For the purpose of this questions. Assume and you have more then enough bandwidth in the core.

Also let put some numbers into this. Lets say that we have a physical access speed on 100Mpb. But we want to limit the users access to 50Mbps.

The data will still be sent at line speed for a short period on time. And then the line will hove no data for a period of time. The split will be done in such a way to ensure that the average is 50Mps.

So me question is how big and the chunks that it can send. Ie the burst?

 

[GeekyDeaks]

Hi Tcp,

Burst rate is usual used in relation to contented networks. Taking your example above, the committed data rate for the user would be 50Mbps and the burst could be up to 100Mbps. However in your description you explicitly say you want to limit them to 50Mbps max. Do you mean they should be allowed to go over 50Mbps for short periods (i.e. the burst?)

Whilst the TCP window size is dynamic as you mentioned, you may still need to set the maximum size if the pipe is short and fast.

i.e. for the 50Mbps and a RTT of 10ms, the pipe can have 5,000,000 * 0.01 bits on it before a return bit is seen. i.e. 500,000 bits or 62,500 bytes. So the receive window should be at least 63Kbytes in size to allow a single TCP session to utilise the available bandwidth.

There is another window to be aware of - the congestion window. Take a look at some TCP congestion control algorithms for the gory details, such a New Reno or CUBIC. Basically they scale the send window according to the ACK's. So if the RTT starts to increase (maybe due to queuing on a router), it will scale back the send window and throttle the connection to avoid excessive retransmissions.

Also, equipment such as network accelerators can transparently manipulate the RWIN sizes.

The question seems a little vague - did you want to know what mechanisms to use for limiting the data rate? If you are using a contracted line with committed rates and and burst rates, then I would just calculate the RWIN sizes for the burst (maximum) and let the TCP congestion control handle the contention.

Cheers,
Scott

 

[tcpnagy]

Thank you GeekyDeaks

Useful input.

Yes you are correct in that the Burst speed may well be up to a maximum of 100Mbps. while over a periode of time the average must be 50Mbps.

For the RTT, I would assume 150ms. I this case you would need a higher buffer size.

But I still have a questions of the TCP behaviour. I know that with the TCP Scales window scale option you can potentially get a windows size that is close to 1Gig. For sure I will have a look at the algorithms that you mention.

I am sware that there are a number of different algorithms in use today. I would be interested to know which is most commonly used today. Say in 80% or more end systems.

If there are any working example be used I would be interested in knowing about this.

 

[GeekyDeaks]

Hiya,

Ok for a RTT of 150ms and 50Mbps, the pipe size is approximately 7,500,000 bits long. This is about 940Kbytes or approximately 1MByte. For this kind of latency you need to make sure the O/S is configured to allow the receive window to re-size to this amount.
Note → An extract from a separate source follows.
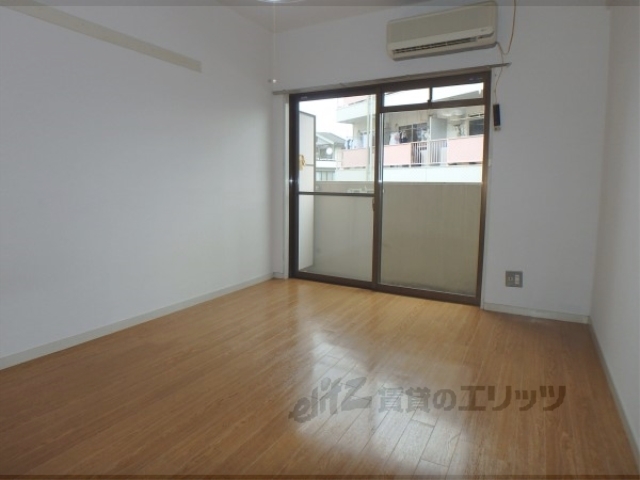 居室・リビング　洋室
I believe you are correct about the potential size of the receive window, however the O/S usually puts a much lower limit on it. Where you set this depends on the O/S. For windows it's a registry setting, for linux it's a kernel parameter. The reason for this is that the receiver needs to allocate this memory for each socket established, which can become quite costly if you have a large bunch of 1MByte buffers. The maximum size is also only an issue when the session is active for more than a few seconds. Something like a web page access results in several short lived TCP sessions, none of which will ramp up the receive window size significantly.
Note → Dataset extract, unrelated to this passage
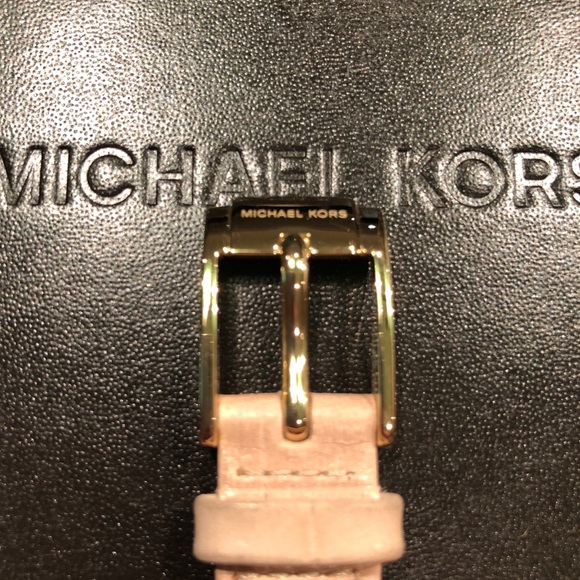 Michael Kors MK2480 Women’s Hartman Watch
I believe the majority of systems use New Reno for congestion control, but CUBIC seems to be the default for new linux kernels. I think windows uses a hybrid algorithm with two congestion windows. At any rate, they tend to be fairly similar, but with slight tweaks for the newer technologies. To be honest, the point of the congestion control is to ensure a TCP session does not over utilise the available bandwidth, so if you have two sessions active with receive windows large enough to max out the slowest link on the network, congestion control will cause both of them to back off to just under half the maximum speed.

If you are really interested in this, I would suggest you use wireshark to take a trace of a typical TCP session and see how different O/S's handle the window resizing as they start receiving data.

HTH,
Scott